= Beginning of Section =
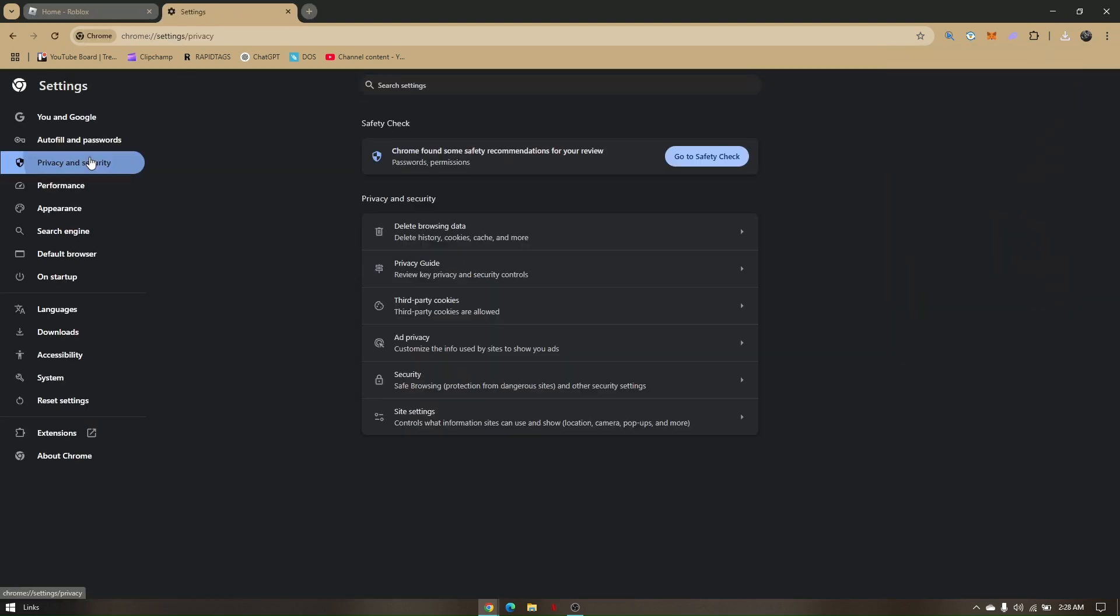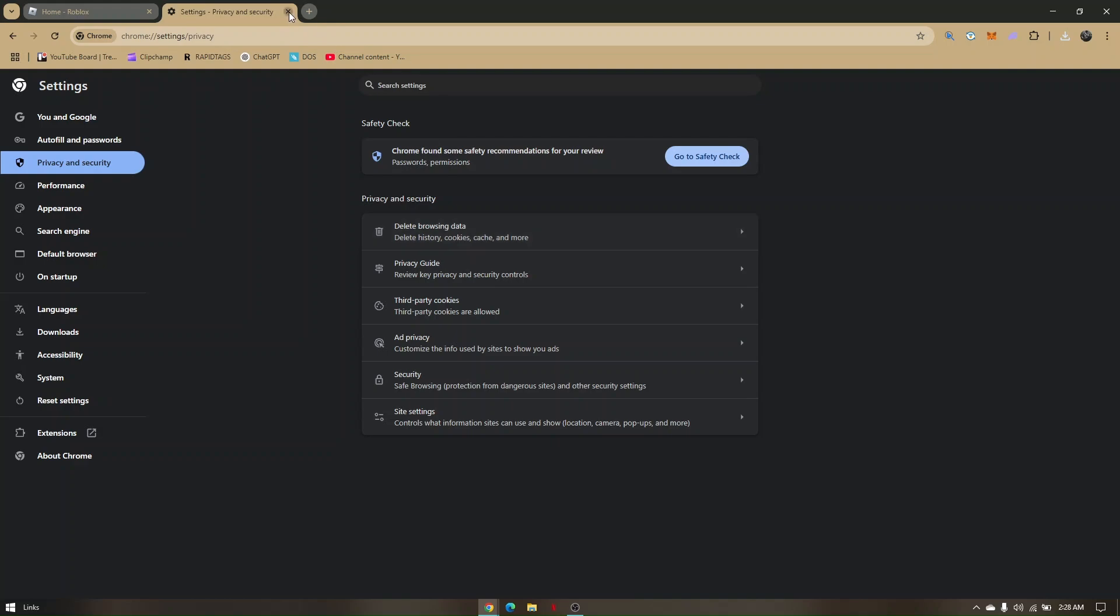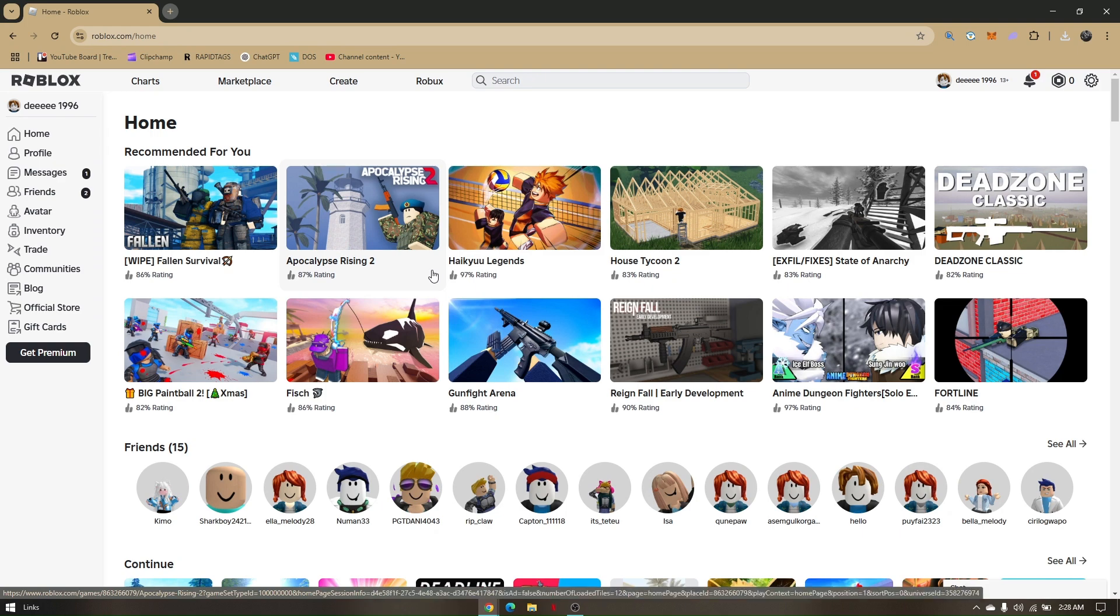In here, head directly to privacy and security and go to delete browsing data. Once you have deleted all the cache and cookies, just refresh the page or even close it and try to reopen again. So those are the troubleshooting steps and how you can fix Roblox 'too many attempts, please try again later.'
= End of Section =
= Beginning of Section =
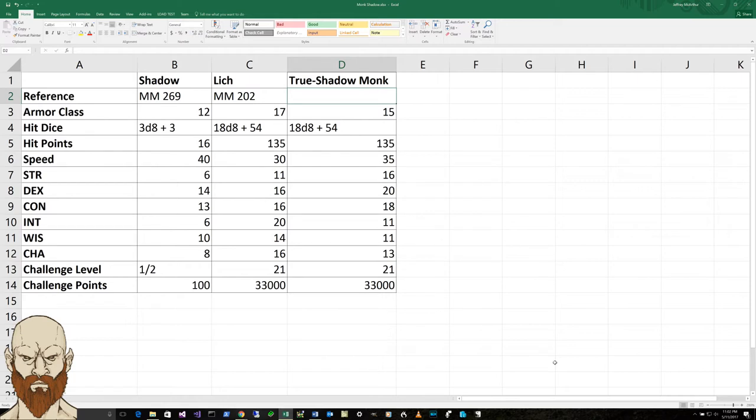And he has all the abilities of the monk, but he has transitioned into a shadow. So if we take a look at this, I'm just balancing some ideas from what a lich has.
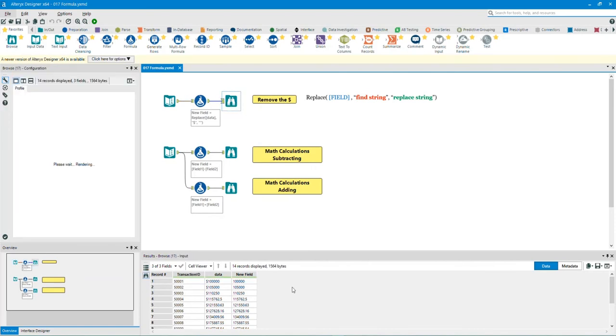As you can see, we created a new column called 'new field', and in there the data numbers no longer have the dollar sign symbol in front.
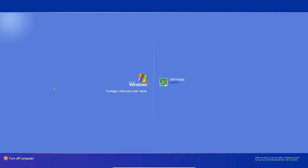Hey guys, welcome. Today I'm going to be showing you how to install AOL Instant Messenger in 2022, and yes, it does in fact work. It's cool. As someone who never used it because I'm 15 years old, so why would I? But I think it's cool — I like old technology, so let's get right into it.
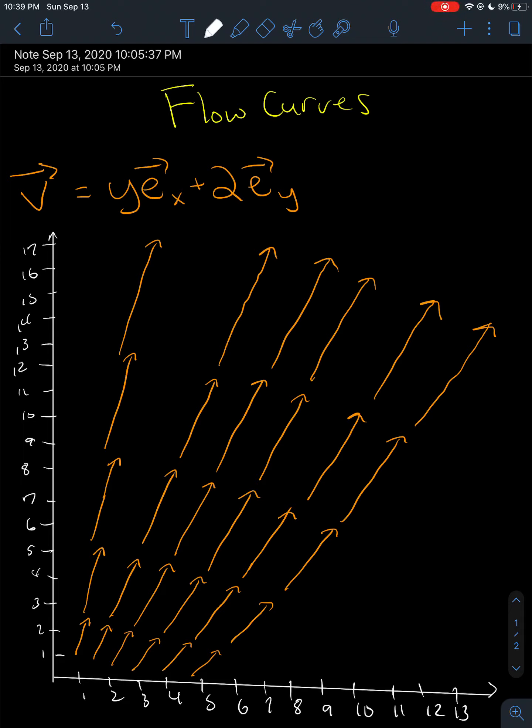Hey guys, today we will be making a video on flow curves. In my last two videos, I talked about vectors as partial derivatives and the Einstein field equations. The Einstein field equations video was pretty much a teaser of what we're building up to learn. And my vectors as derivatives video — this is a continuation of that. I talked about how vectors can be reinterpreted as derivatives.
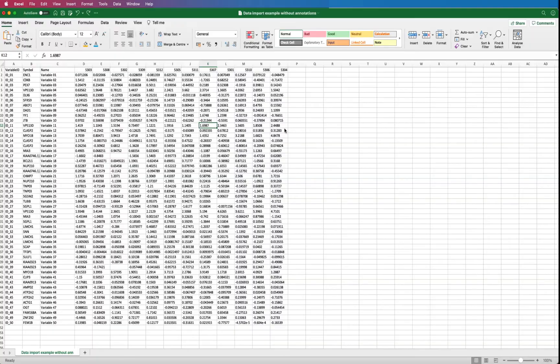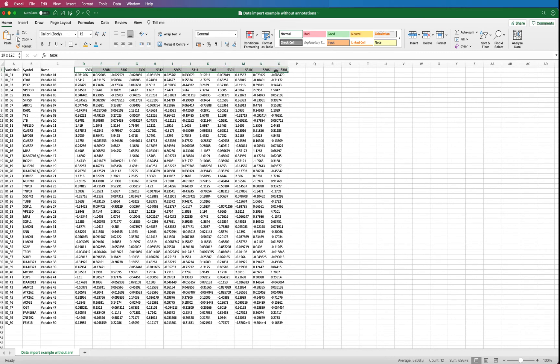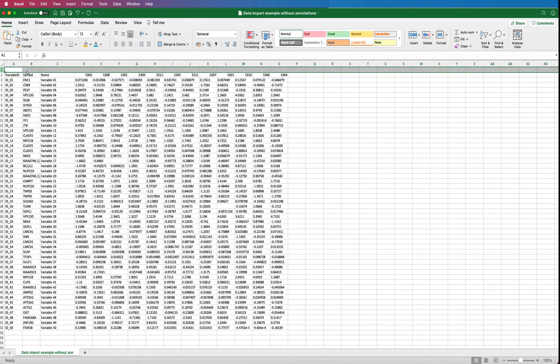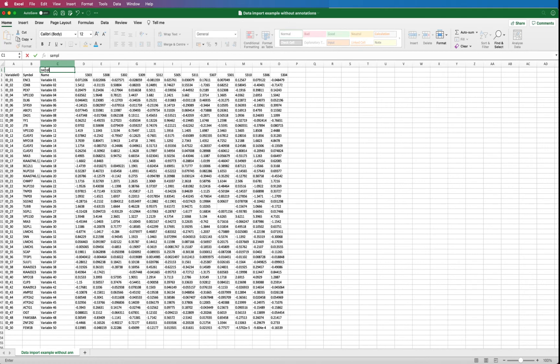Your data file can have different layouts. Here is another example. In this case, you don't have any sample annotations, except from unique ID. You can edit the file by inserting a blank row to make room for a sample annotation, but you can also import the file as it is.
= End of Section =
= Beginning of Section =
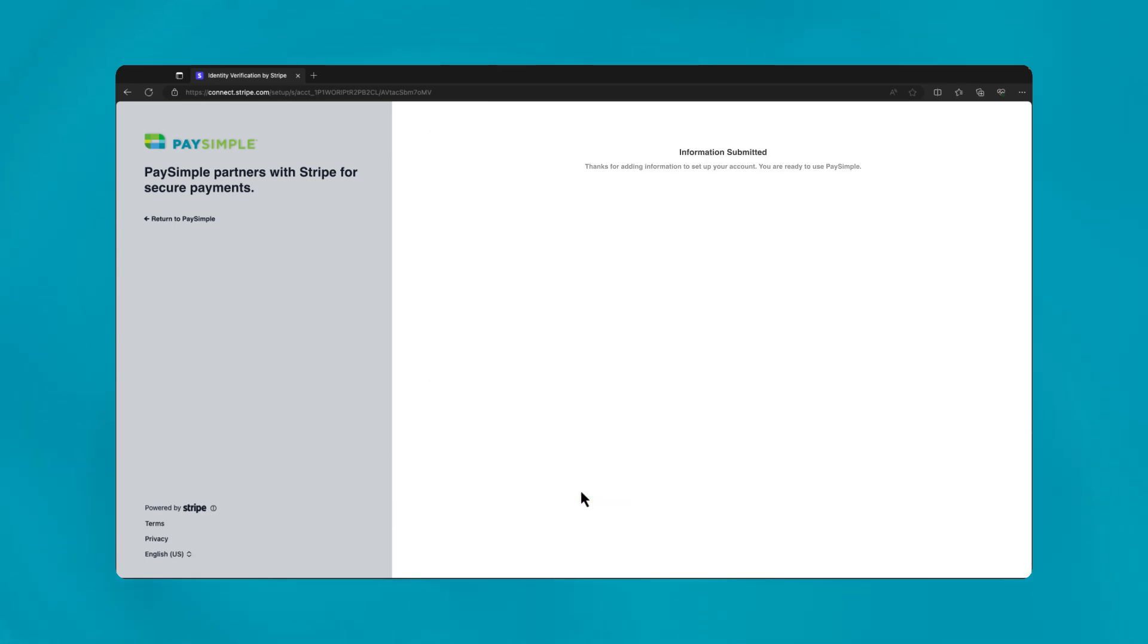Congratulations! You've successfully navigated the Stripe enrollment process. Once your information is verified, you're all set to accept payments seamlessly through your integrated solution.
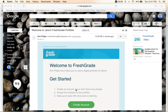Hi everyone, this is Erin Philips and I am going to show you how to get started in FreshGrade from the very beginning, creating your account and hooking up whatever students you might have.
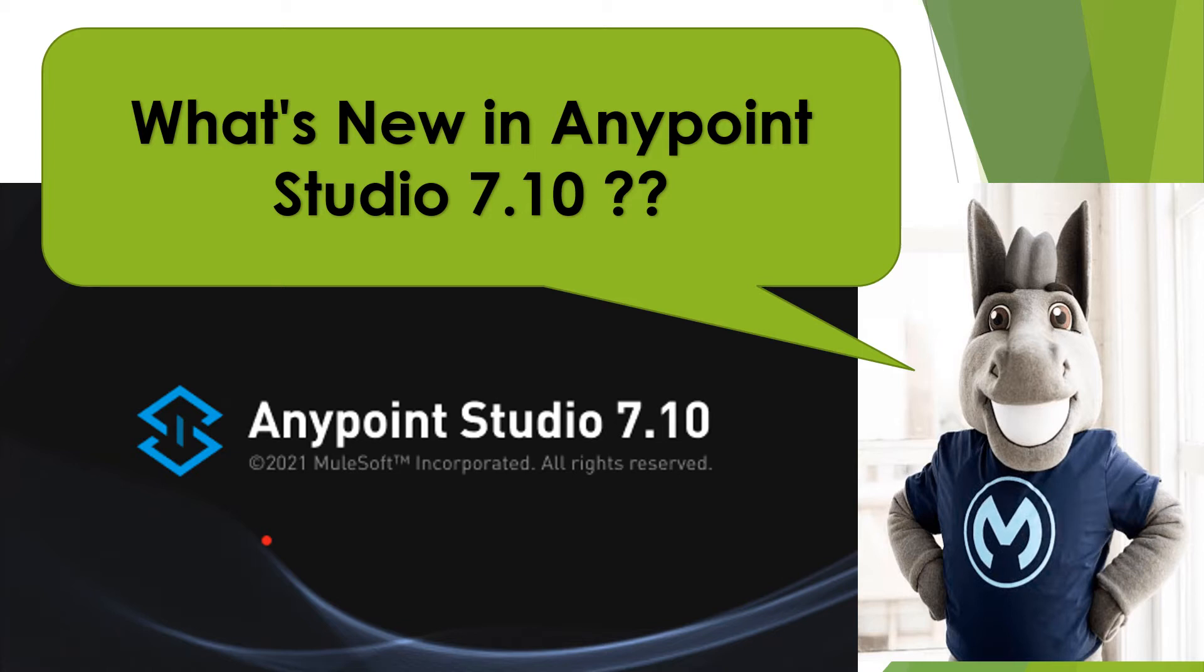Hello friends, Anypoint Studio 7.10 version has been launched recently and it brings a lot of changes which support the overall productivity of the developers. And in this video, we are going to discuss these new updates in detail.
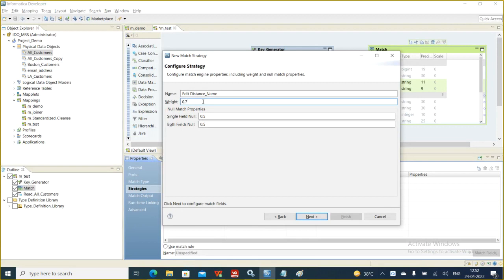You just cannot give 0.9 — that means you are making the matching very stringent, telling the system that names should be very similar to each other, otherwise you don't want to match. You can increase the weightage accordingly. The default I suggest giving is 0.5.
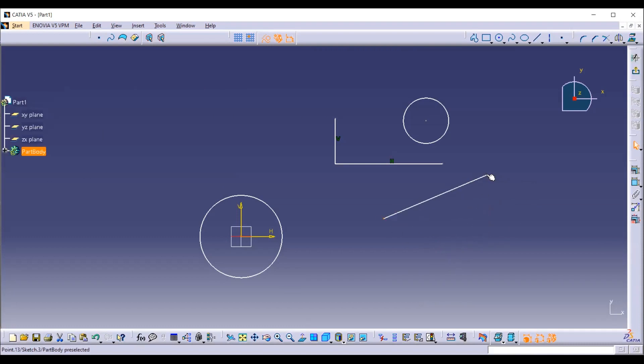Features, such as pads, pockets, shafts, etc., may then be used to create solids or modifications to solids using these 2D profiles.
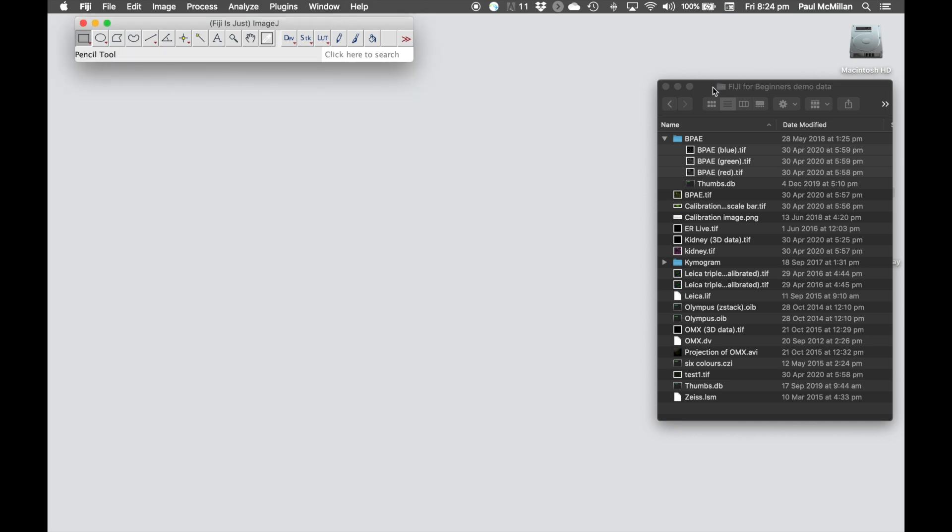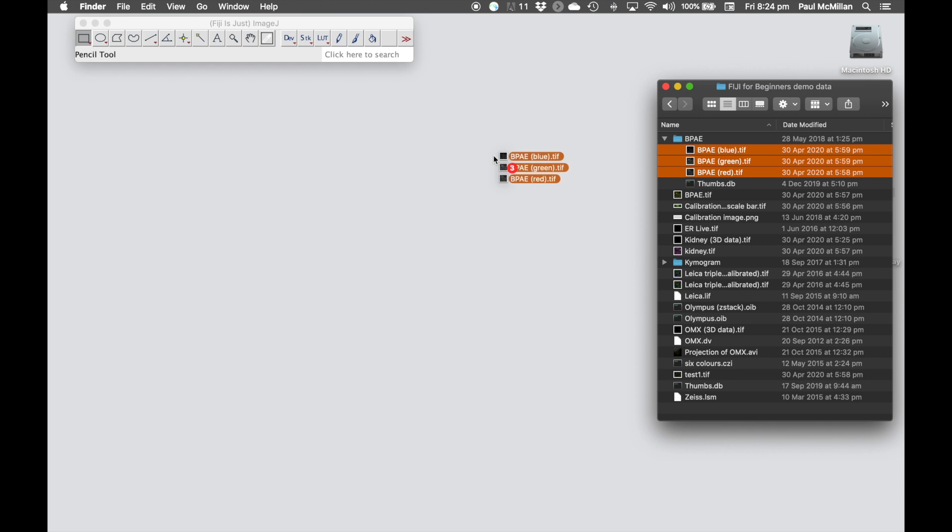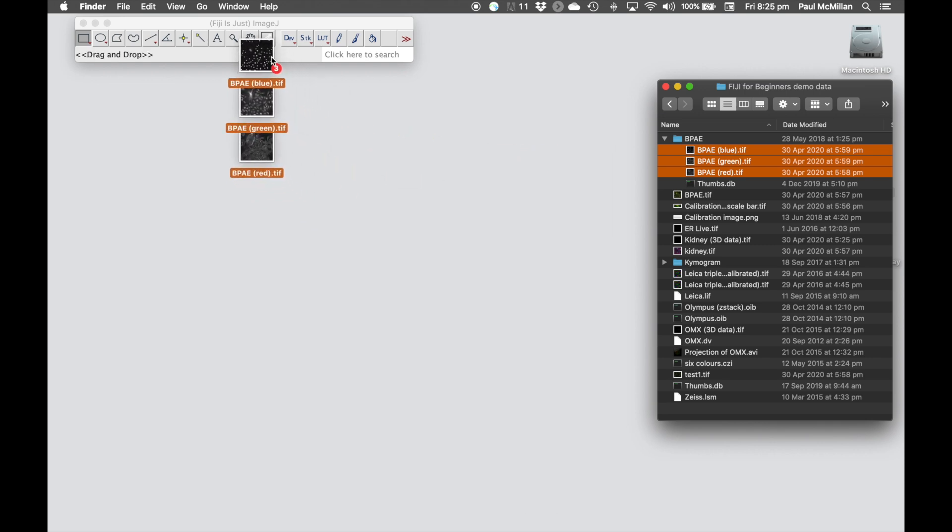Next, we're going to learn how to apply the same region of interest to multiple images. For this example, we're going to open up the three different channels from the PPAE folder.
= End of Section =
▶ WHAT NEEDS TO BE DONE: In the entries above, find the line with "Congratulations! You've successfully" and the line with "Hello friends, Anypoint". Write out exactly those two lines and every line between them, pictures excluded.

▶ EXERCISE OUTPUT:
Congratulations! You've successfully navigated the Stripe enrollment process. Once your information is verified, you're all set to accept payments seamlessly through your integrated solution.
Hi everyone, this is Erin Philips and I am going to show you how to get started in FreshGrade from the very beginning, creating your account and hooking up whatever students you might have.
Hello friends, Anypoint Studio 7.10 version has been launched recently and it brings a lot of changes which support the overall productivity of the developers. And in this video, we are going to discuss these new updates in detail.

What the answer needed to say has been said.